Only the lines below starting at the one that contains "Ventilador de Pared" and ending at the one that contains "Battery-Powered Orange Cempasuchil" are to be reproduced, exactly and with both ends kept.
**** Source records ****
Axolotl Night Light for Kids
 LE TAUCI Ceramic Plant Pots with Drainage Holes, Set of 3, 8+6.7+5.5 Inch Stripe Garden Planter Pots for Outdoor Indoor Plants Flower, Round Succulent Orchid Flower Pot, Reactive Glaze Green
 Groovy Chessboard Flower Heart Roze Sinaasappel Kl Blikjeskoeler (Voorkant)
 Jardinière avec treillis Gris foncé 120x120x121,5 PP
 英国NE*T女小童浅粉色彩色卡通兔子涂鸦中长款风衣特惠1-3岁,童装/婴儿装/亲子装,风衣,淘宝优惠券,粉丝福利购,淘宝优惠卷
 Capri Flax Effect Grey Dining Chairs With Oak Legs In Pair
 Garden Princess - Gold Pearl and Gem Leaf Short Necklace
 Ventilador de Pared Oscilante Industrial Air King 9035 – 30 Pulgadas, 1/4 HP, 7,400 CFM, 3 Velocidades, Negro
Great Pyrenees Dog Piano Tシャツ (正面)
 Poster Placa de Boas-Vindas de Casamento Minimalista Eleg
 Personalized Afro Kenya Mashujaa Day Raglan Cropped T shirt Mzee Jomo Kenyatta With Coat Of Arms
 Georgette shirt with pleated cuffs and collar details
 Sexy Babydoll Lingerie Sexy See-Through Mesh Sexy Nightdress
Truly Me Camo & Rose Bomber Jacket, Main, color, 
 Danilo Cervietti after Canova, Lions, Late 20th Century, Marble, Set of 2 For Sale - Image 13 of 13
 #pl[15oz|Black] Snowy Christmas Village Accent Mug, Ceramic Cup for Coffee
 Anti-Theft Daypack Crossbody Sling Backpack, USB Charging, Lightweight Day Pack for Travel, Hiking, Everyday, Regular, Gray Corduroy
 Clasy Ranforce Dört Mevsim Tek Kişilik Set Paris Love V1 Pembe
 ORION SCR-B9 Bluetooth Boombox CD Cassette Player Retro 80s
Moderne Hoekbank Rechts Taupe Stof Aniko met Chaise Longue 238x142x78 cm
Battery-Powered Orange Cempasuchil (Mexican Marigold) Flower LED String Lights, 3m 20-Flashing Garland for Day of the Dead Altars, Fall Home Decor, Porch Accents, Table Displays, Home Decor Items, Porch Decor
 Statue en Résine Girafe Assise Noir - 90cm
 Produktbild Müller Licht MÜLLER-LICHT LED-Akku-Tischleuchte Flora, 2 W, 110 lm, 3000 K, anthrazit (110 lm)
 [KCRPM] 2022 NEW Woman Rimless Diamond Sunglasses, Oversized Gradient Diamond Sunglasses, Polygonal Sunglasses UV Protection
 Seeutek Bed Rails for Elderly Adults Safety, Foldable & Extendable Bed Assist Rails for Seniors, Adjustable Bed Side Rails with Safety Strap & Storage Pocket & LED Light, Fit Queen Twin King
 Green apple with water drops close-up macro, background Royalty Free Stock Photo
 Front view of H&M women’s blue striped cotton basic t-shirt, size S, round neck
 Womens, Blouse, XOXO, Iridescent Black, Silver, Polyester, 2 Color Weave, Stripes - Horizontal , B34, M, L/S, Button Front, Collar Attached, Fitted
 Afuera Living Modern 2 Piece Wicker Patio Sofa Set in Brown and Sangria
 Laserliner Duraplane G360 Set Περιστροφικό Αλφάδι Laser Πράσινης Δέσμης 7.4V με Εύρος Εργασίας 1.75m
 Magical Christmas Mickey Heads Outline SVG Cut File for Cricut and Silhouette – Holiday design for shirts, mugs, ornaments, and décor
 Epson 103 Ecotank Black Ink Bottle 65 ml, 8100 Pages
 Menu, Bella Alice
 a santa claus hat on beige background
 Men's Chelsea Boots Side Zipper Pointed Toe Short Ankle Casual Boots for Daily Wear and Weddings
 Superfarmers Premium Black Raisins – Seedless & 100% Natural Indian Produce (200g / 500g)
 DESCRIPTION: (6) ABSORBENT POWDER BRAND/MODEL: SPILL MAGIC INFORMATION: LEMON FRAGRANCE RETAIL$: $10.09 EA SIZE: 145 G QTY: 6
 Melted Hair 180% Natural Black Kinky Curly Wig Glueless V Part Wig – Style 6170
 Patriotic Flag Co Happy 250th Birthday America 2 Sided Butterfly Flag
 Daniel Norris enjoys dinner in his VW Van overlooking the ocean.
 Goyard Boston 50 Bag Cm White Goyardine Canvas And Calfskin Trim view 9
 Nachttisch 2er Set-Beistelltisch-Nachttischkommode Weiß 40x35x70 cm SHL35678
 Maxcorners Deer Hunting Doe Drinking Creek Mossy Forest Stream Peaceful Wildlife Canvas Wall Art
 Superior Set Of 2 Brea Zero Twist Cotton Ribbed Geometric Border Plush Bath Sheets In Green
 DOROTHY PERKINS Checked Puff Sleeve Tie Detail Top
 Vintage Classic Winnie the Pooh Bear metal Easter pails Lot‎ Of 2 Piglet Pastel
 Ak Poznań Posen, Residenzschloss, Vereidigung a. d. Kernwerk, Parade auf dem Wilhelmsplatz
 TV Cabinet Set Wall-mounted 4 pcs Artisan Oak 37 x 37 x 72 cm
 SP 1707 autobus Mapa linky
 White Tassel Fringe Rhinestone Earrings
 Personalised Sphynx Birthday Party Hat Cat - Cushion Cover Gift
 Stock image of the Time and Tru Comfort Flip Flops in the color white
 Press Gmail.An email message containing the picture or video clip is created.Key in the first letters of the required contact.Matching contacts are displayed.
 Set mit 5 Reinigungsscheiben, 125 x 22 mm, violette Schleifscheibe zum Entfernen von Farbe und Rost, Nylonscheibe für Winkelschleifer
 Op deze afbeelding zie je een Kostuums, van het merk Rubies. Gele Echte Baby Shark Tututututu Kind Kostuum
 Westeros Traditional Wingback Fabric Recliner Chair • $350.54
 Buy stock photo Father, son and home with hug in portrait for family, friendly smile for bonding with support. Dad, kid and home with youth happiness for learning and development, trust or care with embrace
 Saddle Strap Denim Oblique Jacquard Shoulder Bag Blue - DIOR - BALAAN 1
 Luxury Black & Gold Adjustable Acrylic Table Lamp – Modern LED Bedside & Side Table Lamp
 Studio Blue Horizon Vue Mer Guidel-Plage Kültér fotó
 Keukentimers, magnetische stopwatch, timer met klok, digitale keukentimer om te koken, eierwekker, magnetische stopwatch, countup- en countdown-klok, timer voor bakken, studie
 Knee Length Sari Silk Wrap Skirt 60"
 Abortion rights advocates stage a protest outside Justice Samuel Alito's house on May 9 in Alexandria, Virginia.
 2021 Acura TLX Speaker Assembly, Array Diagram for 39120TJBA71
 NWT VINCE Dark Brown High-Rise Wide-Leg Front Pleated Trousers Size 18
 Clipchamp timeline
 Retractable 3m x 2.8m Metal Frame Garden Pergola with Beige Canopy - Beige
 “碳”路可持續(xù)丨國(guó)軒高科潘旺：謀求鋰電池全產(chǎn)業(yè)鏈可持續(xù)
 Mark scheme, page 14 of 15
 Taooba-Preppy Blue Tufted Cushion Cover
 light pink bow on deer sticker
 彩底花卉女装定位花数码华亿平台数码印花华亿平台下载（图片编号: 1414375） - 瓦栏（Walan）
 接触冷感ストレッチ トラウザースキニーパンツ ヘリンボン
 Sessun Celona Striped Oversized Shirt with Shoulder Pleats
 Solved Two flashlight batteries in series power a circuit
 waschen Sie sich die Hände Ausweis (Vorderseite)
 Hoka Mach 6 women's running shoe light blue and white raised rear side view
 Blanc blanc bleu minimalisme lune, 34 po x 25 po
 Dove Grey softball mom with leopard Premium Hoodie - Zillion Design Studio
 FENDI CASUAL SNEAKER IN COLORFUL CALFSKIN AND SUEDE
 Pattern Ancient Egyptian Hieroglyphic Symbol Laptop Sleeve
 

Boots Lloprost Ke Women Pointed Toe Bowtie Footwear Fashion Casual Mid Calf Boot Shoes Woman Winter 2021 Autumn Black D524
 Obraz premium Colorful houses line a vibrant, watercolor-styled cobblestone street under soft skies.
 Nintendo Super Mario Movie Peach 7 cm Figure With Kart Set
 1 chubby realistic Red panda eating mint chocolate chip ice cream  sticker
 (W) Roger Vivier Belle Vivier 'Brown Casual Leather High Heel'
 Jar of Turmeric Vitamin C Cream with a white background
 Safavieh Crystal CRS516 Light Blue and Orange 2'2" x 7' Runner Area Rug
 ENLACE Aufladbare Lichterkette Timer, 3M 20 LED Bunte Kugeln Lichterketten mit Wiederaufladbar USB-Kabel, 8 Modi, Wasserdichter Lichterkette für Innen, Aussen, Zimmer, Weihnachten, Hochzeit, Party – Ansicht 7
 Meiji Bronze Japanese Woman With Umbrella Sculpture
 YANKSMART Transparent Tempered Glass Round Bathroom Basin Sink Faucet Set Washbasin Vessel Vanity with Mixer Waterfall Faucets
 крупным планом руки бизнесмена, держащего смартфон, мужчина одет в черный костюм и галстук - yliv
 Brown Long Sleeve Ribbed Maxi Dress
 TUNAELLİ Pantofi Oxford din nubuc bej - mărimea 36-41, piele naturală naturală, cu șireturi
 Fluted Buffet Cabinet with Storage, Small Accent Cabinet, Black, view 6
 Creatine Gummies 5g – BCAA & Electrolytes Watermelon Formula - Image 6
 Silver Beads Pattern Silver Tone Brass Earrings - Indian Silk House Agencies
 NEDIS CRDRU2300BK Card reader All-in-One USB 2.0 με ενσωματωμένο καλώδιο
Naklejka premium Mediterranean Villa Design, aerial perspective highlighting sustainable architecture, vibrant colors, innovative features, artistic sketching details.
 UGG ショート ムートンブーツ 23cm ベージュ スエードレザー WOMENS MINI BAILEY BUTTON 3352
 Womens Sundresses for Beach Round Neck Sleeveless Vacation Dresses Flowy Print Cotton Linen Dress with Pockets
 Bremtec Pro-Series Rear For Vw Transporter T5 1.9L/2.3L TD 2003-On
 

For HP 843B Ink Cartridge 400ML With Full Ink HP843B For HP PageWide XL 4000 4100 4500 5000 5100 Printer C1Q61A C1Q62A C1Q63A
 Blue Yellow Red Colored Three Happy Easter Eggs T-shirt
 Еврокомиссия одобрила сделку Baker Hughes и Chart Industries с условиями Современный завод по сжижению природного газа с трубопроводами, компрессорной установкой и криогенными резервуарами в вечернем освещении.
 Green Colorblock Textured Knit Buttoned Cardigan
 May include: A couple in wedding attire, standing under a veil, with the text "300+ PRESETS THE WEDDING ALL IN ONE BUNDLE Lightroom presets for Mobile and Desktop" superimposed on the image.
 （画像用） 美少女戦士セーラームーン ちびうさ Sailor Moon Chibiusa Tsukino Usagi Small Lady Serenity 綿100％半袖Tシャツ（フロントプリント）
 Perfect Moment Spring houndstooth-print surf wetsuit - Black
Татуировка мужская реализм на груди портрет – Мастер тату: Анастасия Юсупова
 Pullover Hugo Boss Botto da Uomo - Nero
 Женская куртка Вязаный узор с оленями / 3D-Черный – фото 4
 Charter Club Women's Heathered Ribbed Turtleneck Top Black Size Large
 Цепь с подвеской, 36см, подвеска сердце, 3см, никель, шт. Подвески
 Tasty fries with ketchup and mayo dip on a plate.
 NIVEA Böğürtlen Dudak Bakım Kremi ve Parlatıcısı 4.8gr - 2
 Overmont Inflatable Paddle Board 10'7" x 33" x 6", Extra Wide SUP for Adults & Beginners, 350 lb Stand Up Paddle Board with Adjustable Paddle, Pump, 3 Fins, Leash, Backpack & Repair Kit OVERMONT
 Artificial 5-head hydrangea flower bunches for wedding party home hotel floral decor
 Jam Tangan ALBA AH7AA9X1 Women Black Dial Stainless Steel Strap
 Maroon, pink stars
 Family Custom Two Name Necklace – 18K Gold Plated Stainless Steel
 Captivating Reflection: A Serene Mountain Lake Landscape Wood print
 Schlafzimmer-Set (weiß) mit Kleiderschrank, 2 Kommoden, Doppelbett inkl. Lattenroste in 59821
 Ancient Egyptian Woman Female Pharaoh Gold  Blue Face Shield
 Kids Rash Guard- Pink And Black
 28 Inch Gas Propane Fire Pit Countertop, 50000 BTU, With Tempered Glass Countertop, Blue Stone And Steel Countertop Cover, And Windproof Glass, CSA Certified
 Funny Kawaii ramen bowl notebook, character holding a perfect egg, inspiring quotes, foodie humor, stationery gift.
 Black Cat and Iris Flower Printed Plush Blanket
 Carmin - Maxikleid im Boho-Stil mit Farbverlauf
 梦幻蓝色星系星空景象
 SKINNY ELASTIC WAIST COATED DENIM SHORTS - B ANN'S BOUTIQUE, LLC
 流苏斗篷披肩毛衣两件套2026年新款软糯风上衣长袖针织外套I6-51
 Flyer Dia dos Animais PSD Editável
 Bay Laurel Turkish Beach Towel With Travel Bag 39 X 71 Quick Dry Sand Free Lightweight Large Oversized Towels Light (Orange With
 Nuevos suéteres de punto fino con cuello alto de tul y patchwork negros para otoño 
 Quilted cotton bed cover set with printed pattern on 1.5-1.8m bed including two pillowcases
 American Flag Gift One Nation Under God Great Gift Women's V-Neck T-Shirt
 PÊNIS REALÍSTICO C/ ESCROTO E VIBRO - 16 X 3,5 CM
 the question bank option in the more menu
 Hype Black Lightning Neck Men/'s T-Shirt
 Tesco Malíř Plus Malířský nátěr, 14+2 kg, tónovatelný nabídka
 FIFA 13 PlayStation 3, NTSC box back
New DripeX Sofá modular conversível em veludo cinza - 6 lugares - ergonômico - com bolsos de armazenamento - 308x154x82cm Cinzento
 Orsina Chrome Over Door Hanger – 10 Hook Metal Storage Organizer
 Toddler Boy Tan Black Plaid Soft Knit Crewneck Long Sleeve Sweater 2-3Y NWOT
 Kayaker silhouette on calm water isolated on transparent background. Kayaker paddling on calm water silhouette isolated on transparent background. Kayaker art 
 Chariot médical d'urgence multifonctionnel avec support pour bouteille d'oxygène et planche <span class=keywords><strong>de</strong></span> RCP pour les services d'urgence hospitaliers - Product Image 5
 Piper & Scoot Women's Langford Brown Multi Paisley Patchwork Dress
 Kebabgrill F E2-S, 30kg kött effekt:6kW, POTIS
****
* _Exercise result_
 Ventilador de Pared Oscilante Industrial Air King 9035 – 30 Pulgadas, 1/4 HP, 7,400 CFM, 3 Velocidades, Negro
Great Pyrenees Dog Piano Tシャツ (正面)
 Poster Placa de Boas-Vindas de Casamento Minimalista Eleg
 Personalized Afro Kenya Mashujaa Day Raglan Cropped T shirt Mzee Jomo Kenyatta With Coat Of Arms
 Georgette shirt with pleated cuffs and collar details
 Sexy Babydoll Lingerie Sexy See-Through Mesh Sexy Nightdress
Truly Me Camo & Rose Bomber Jacket, Main, color, 
 Danilo Cervietti after Canova, Lions, Late 20th Century, Marble, Set of 2 For Sale - Image 13 of 13
 #pl[15oz|Black] Snowy Christmas Village Accent Mug, Ceramic Cup for Coffee
 Anti-Theft Daypack Crossbody Sling Backpack, USB Charging, Lightweight Day Pack for Travel, Hiking, Everyday, Regular, Gray Corduroy
 Clasy Ranforce Dört Mevsim Tek Kişilik Set Paris Love V1 Pembe
 ORION SCR-B9 Bluetooth Boombox CD Cassette Player Retro 80s
Moderne Hoekbank Rechts Taupe Stof Aniko met Chaise Longue 238x142x78 cm
Battery-Powered Orange Cempasuchil (Mexican Marigold) Flower LED String Lights, 3m 20-Flashing Garland for Day of the Dead Altars, Fall Home Decor, Porch Accents, Table Displays, Home Decor Items, Porch Decor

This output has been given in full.